Saved data entries
---+---
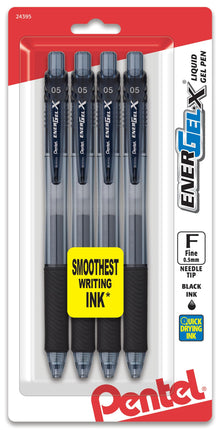 Pentel EnerGel-X Retractable Liquid Gel Pen, 0.5mm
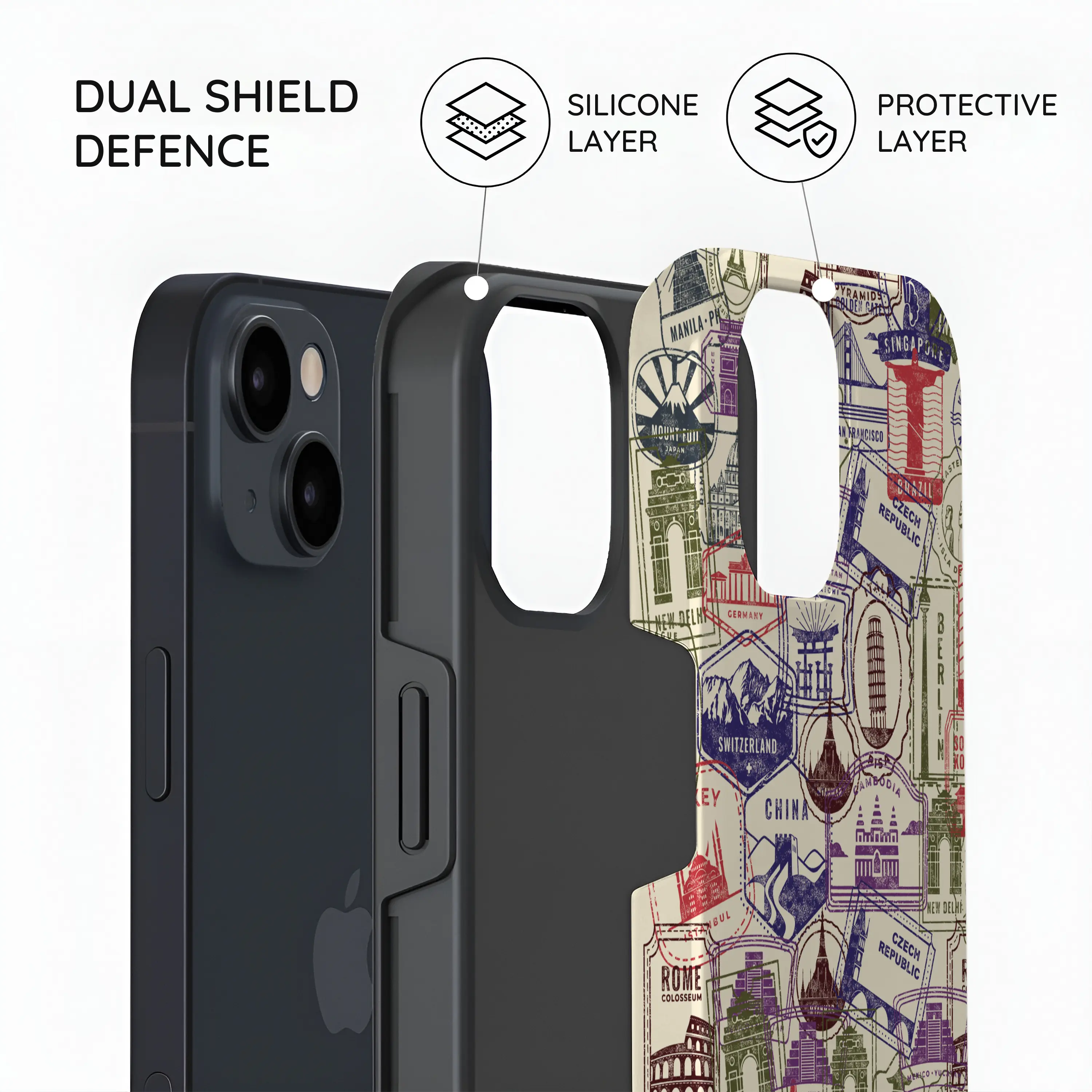 Stamps - iPhone 15 Case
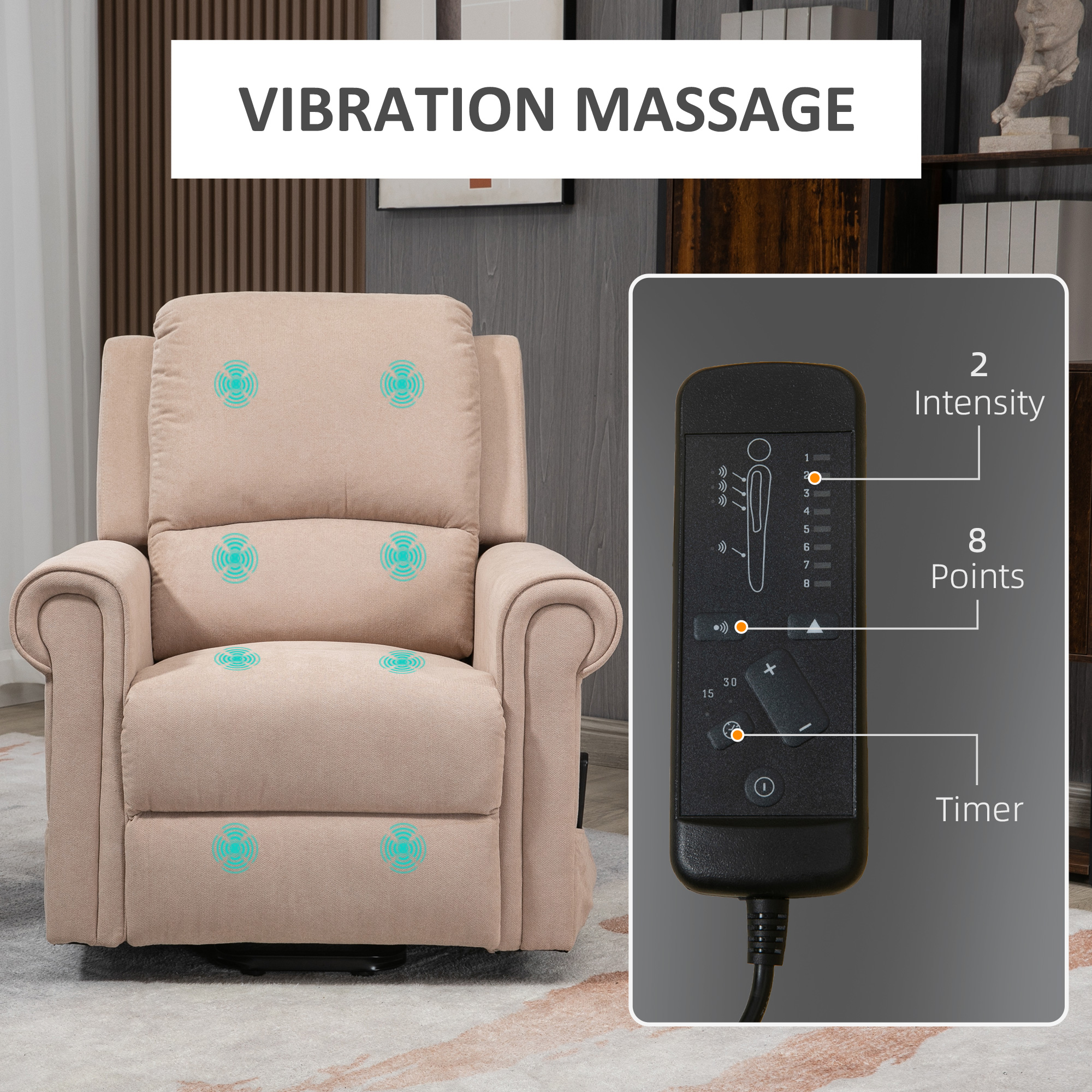  Scaun Electric cu Ridicare & Inclinare pentru Varstnici - Telecomanda Inclusa [5]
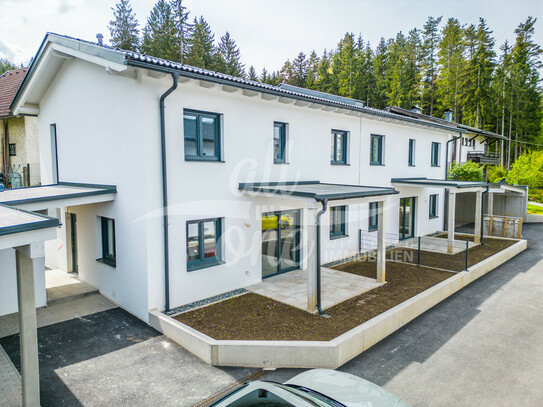 Doppelhaushälfte mit Doppelcarport und Terrasse!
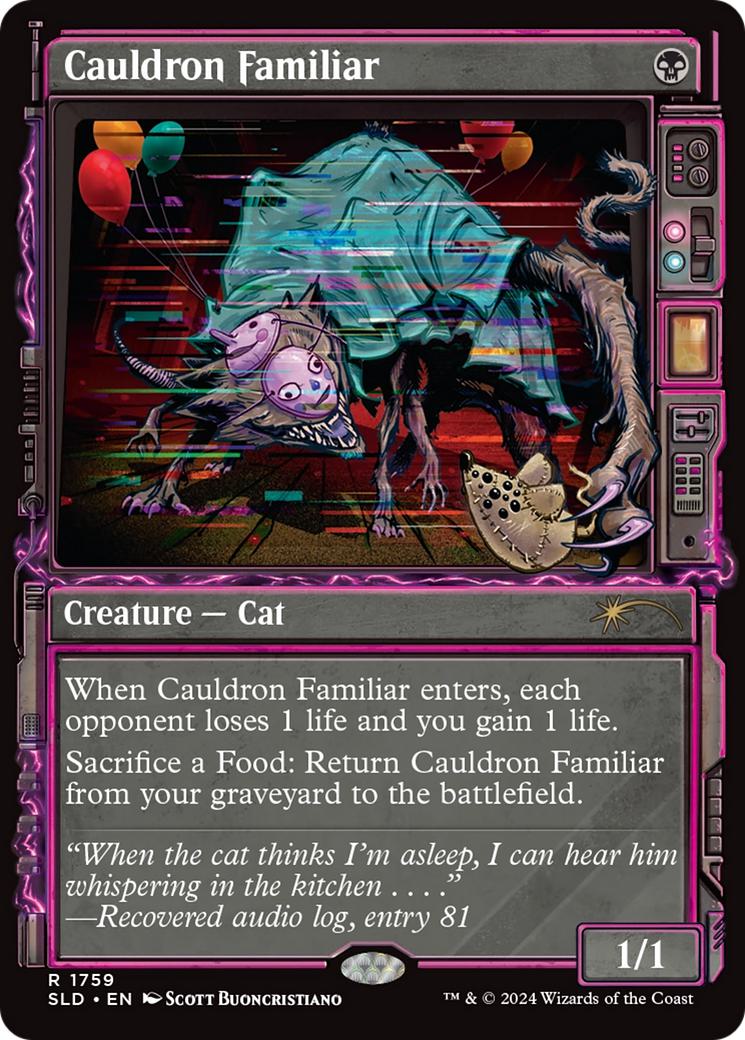 Cauldron Familiar [1759] [Paranormal Frame] [Showcase: Duskmourn] [Secret Lair Drop] [Non-Foil]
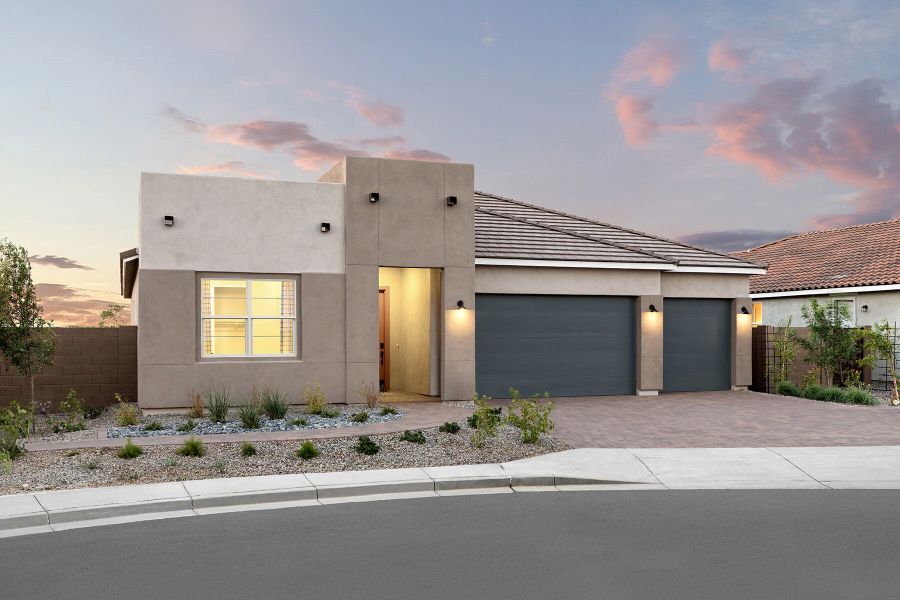 Representative exterior photo of a completed home built from the Crimson by Mattamy Homes in Rosewood Heights, San Tan Valley, AZ (Image 23).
---+---
## [Exercise]
Your output should consist solely of the lines from the line containing "Stamps - iPhone 15 Case" through the last line of the entries, verbatim, minus any pictures.

## [Worked solution]
 Stamps - iPhone 15 Case
  Scaun Electric cu Ridicare & Inclinare pentru Varstnici - Telecomanda Inclusa [5]
 Doppelhaushälfte mit Doppelcarport und Terrasse!
 Cauldron Familiar [1759] [Paranormal Frame] [Showcase: Duskmourn] [Secret Lair Drop] [Non-Foil]
 Representative exterior photo of a completed home built from the Crimson by Mattamy Homes in Rosewood Heights, San Tan Valley, AZ (Image 23).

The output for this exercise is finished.